Ancestor Research: The History and Timeline of Food in the United States

Food Timeline - Traditional State Foods and Recipes is a fascinating web page on the history and timeline of regional and cultural foods, cookbooks, and recipes within the United States. Understanding a family’s culinary history is not much different from learning about the cusine from foreign countries. It’s time to serve up some historical food as part of your genealogy research!

The article offers some interesting resources such as state-specific cookbooks and official state foods, and includes a list of books to help you understand American cuisine in general.

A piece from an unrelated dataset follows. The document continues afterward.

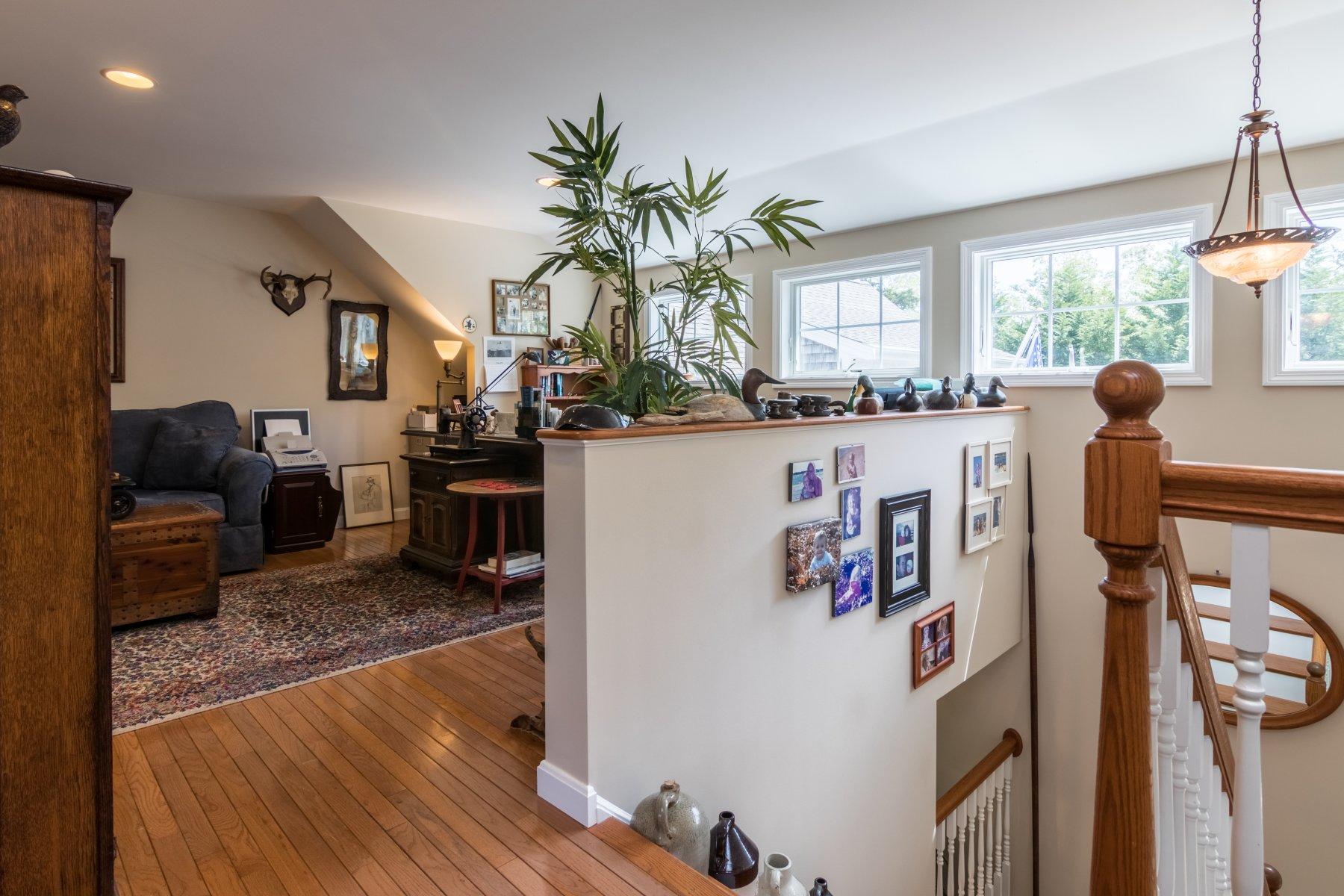 1925 Bridge Road Eastham, MA 02642 - Photo 33 of 35 a living room with furniture and a table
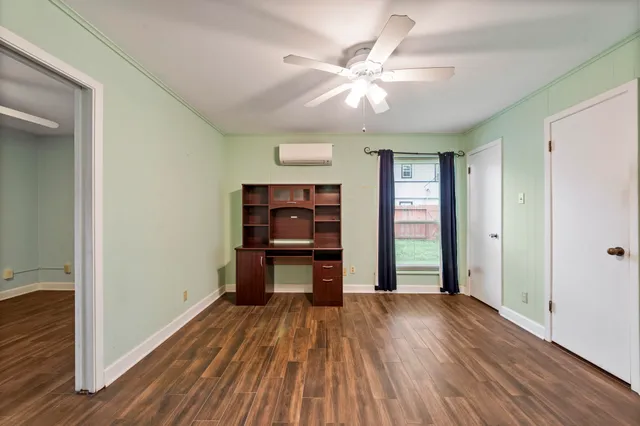 wooden floor in an empty room with a window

One of the most fascinating offerings on the web page are the questions that challenge you to learn more about the foods your ancestors ate:

What if your state does not seem to have an *obvious* traditional food/recipe? Excellent…this gives you quite a lot of latitude. All you have to do is make the connection between the food and your state.

  • When was it settled?
  • By whom?–Moravians in North Carolina, Portuguese in Rhode Island, Italians in Pennsylvania, Germans in Texas, Acadians in Louisiana, Swedish in Wisconsin, Basque sheepherders in Nevada, Welsh copper miners in upper Michigan…
  • Major celebrations? St. Louis & Chicago Expositions, New York’s World’s Fairs, Kentucky Derby…
  • Local specialties? Cincinnati chili, Buffalo Wings, Philly cheese-steak, Iowa’s loose meat sandwiches, Boston cream pie, Springfield-style cashew chicken, Chicago-style pizza
  • Famous food people? George Washington Carver (GA), Clarence Birdseye (NY), Milton Hershey (PA), Henry Perky (CO)
  • Significant food landmarks? The Corn Palace (Mitchell, SD), Gouldings Trading Post (Monument Valley, UT), Wall Drug (Wall, SD)
  • Famous Restaurants? Diners (RI), Fred Harvey’s (KS), Nathan’s (Brooklyn), Automats (Philadelphia)
  • Food innovations? Shredded wheat (CO), powedered gelatin (NY), breakfast cereal (MI), TV dinners (NE)
  • Famous food products? Campbell’s soup (NJ), Van Camp’s Pork & Beans (IN), Kellogg’s Corn Flakes (MI), Corsicana fruitcake (TX), Tabasco Sauce (LA), SPAM (MN).

I never thought much about an area being famous for its food in relationship to genealogy, but it makes sense. For instance, if your family lived in an area famous for its corn fields, then what are the odds that they worked in a farming or agricultural occupation? Pretty good. And if they traveled across the state of South Dakota on their way to their next residence, I bet you money they stopped at Wall Drugs along the way.